┌──

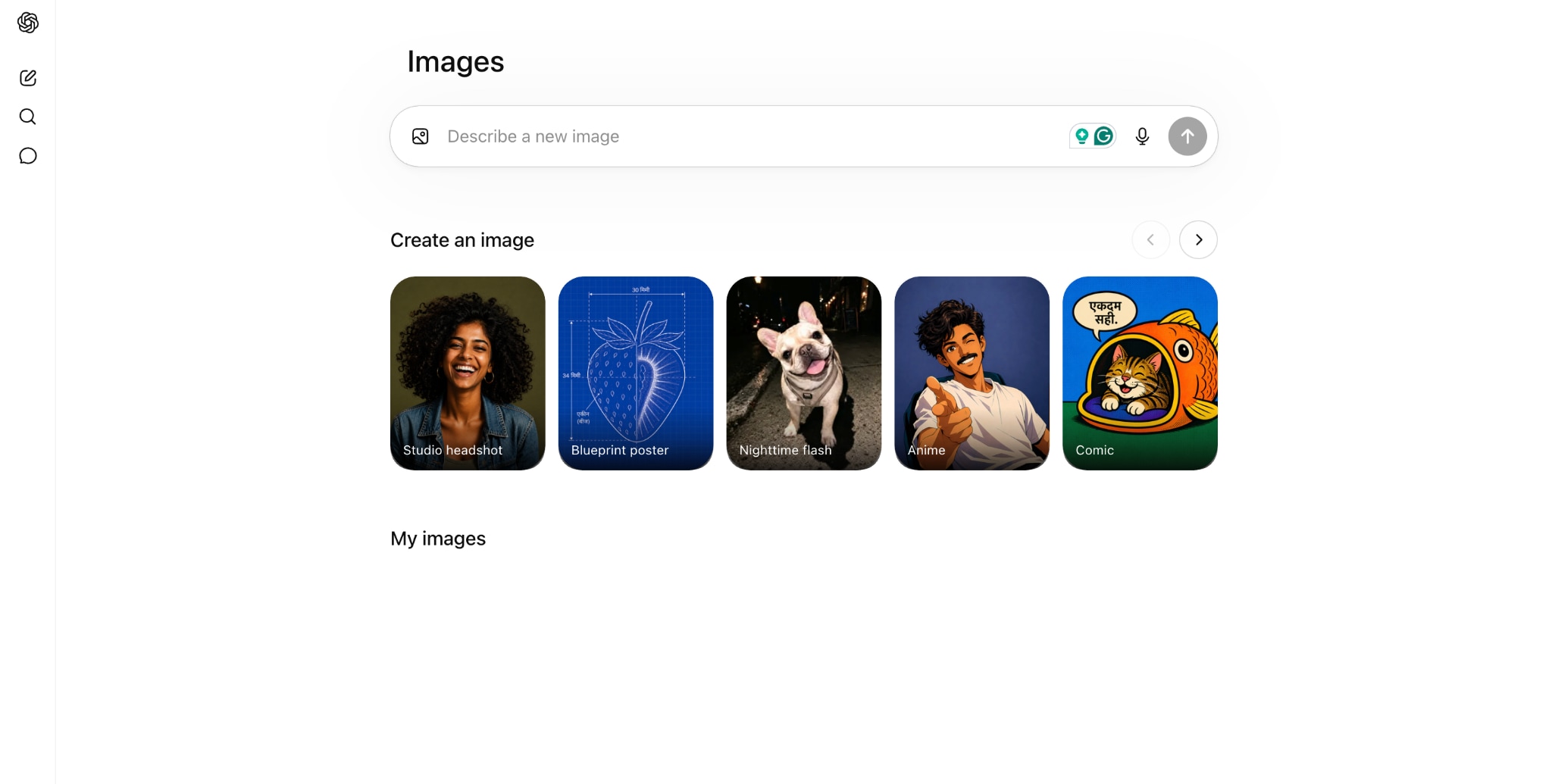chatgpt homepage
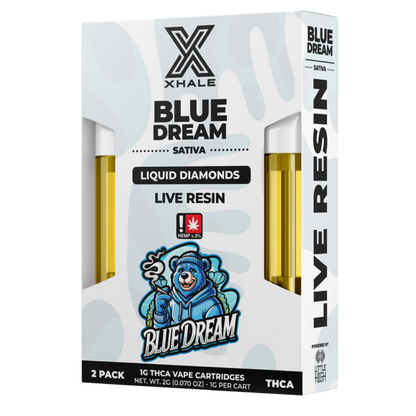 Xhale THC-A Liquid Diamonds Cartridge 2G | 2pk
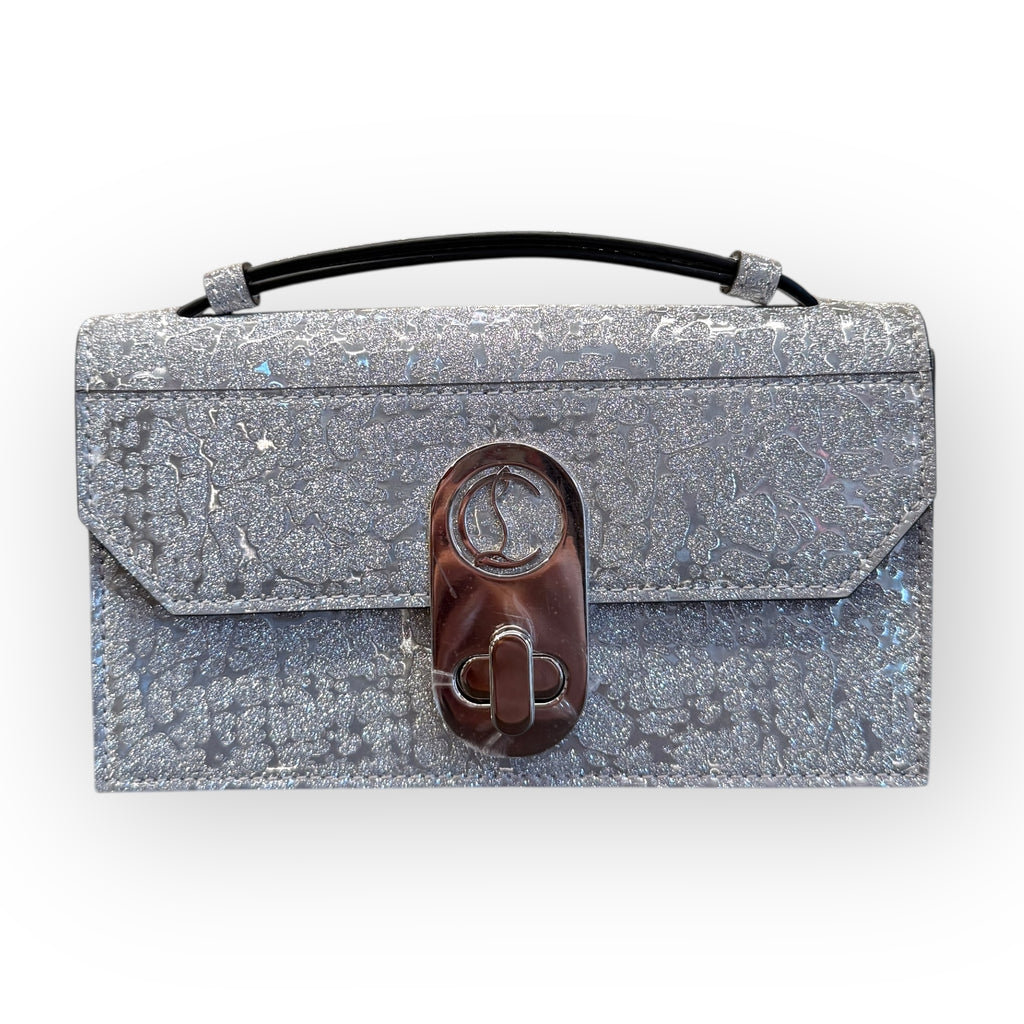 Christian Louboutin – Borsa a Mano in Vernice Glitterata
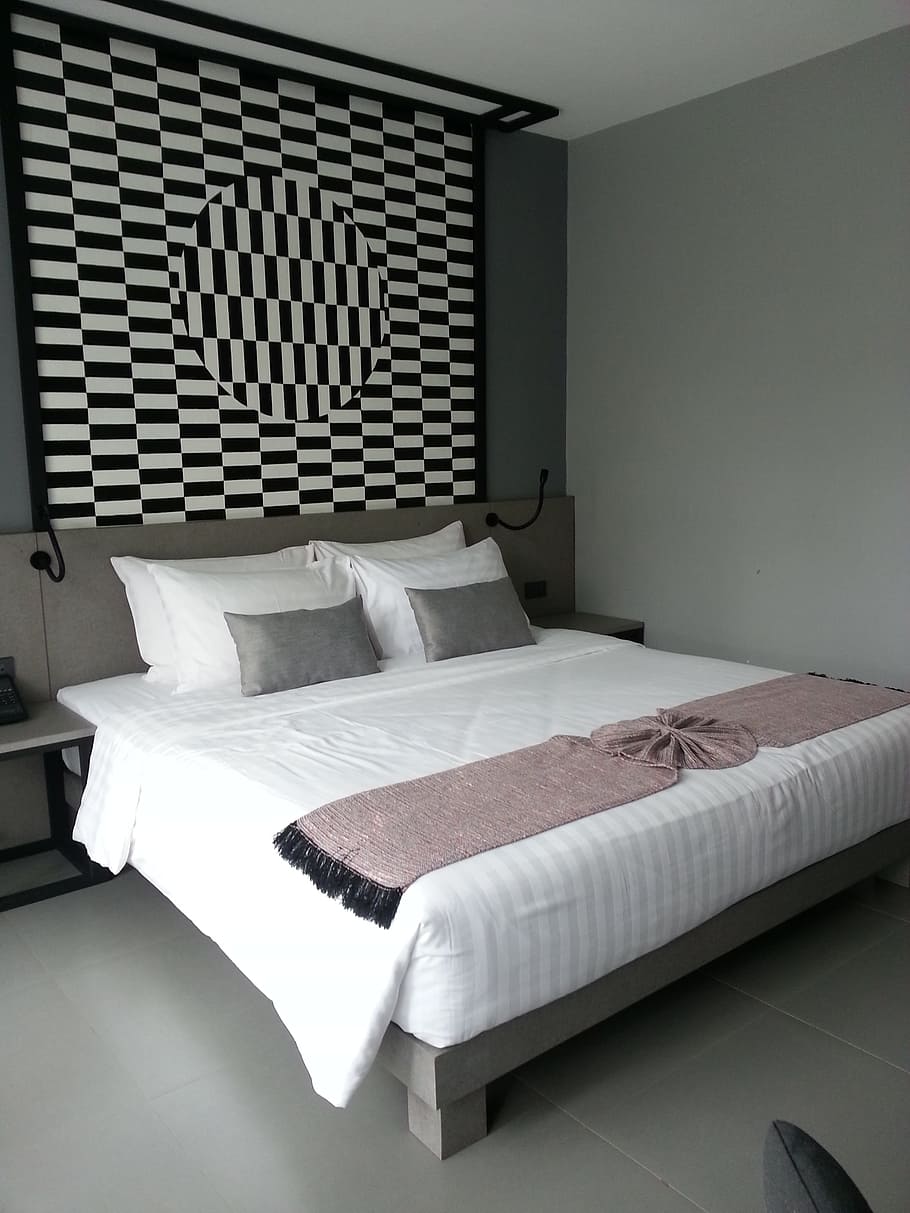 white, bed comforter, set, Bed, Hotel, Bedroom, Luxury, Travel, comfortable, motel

└──
┌──

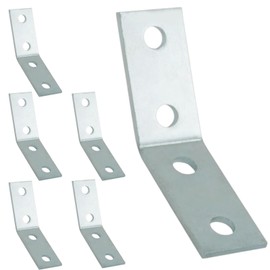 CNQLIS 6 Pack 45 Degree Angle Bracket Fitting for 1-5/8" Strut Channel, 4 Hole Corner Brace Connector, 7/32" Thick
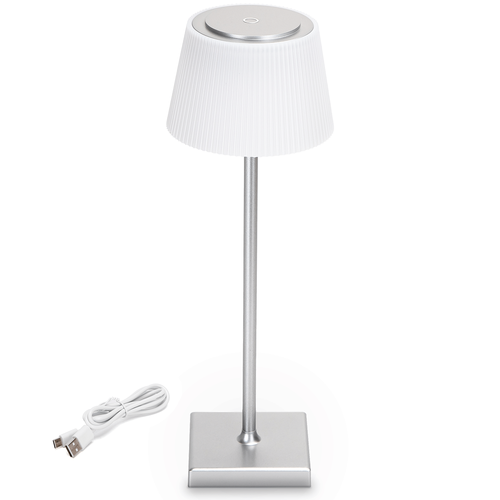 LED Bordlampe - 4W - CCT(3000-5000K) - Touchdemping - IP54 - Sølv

└──

**Exercise aim:** In the entries above, find the line with "Christian Louboutin –" and the line with "Travel, comfortable, motel". Return exactly those lines and all the ones between them, pictures excluded.

**Exercise output:**
 Christian Louboutin – Borsa a Mano in Vernice Glitterata
 white, bed comforter, set, Bed, Hotel, Bedroom, Luxury, Travel, comfortable, motel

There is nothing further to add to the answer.